Why is SE tax so high?
It is the combined employer and employee shares of FICA. W-2 employees pay 7.65% (employee share); employers pay another 7.65% (employer share). Self-employed pay both = 15.3%.
Is SE tax separate from income tax?
Yes. SE tax (15.3%) is on top of federal income tax (brackets 10-37%) and state income tax. Many self-employed are surprised at the combined burden.
Does SE tax fund Social Security?
Yes. SE tax payments build Social Security and Medicare credits the same as W-2 FICA. You qualify for retirement benefits based on SE earnings history.
When does S-Corp election save on SE tax?

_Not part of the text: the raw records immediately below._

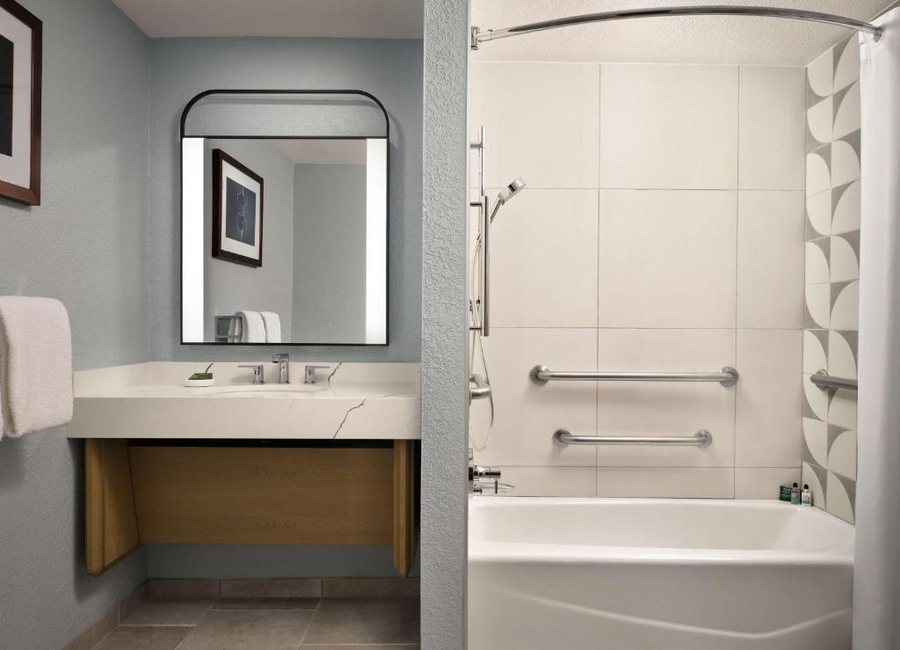 Caribe Cove Resort Orlando — Bathroom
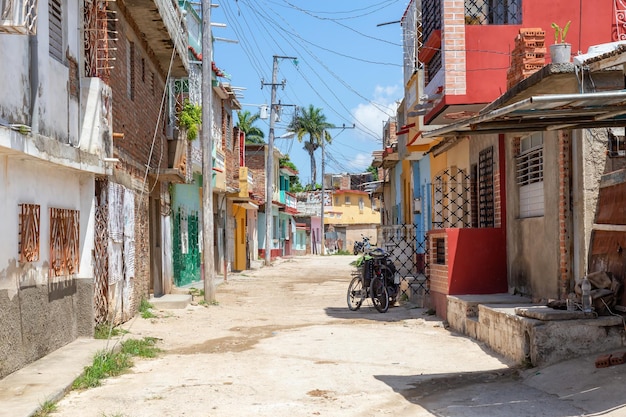 Kubańskie miasto podczas tętniącego życiem słonecznego dnia Trinidad Cuba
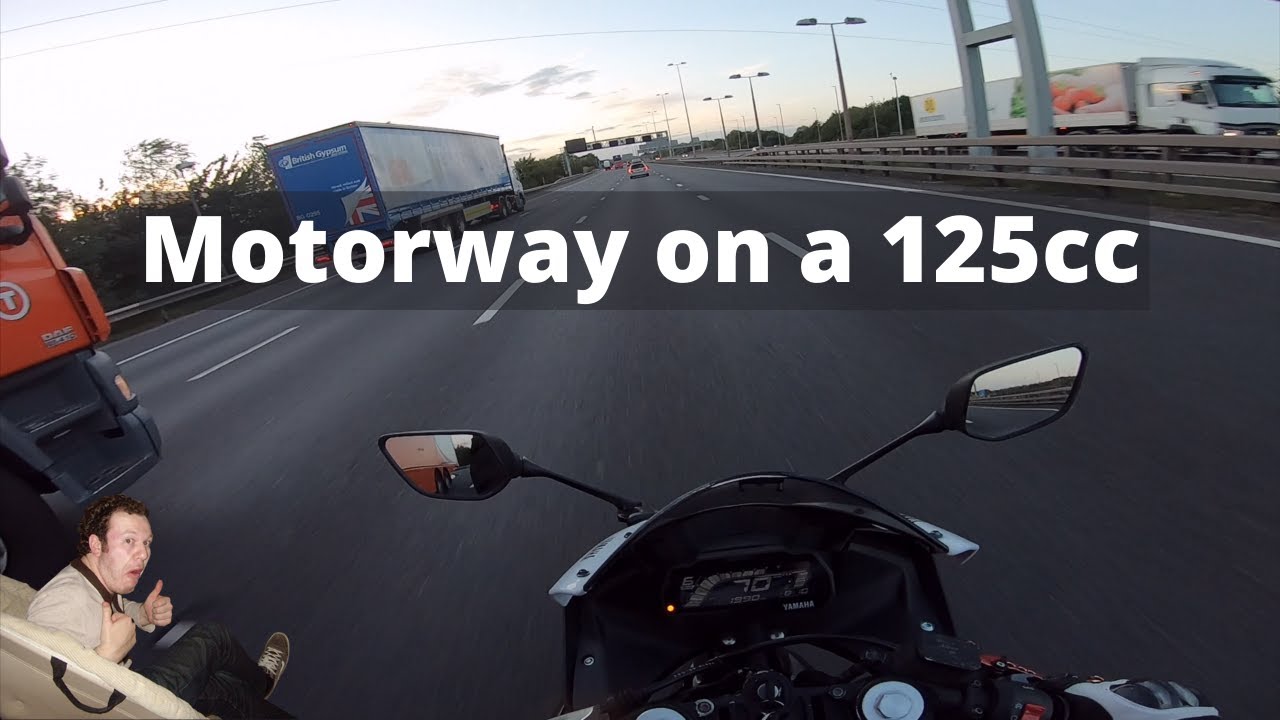 Motorway Ride on 125cc *We Broke The M6 Toll* - Yamaha YZF-R125 #14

Once net profit (after expenses, before owner pay) crosses about $60-80k. Below that, payroll service complexity and additional filings outweigh the savings.
Is there a cap on SE tax?
SS portion (12.4%) has a wage base cap: $168,600 in 2024. Medicare portion (2.9%) and Additional Medicare (0.9%) have NO cap.
What about LLC members in a multi-member LLC?
Active members (those who work in the business) pay SE tax on their distributive share of partnership income. Passive members (silent investors) generally do not pay SE tax on distributions.
Can I deduct SE tax?
Half of SE tax is deductible above the line on Schedule 1. This reduces taxable income for federal income tax purposes but does not reduce the SE tax itself.
Do gig workers pay SE tax?
Yes. Uber drivers, DoorDash, Instacart, Lyft, freelancers paid via 1099 pay SE tax on net earnings.
What if I had a loss?
SE tax applies only to net earnings. If your business had a net loss, no SE tax owed for the year. Net operating losses may carry over to future years for income tax purposes.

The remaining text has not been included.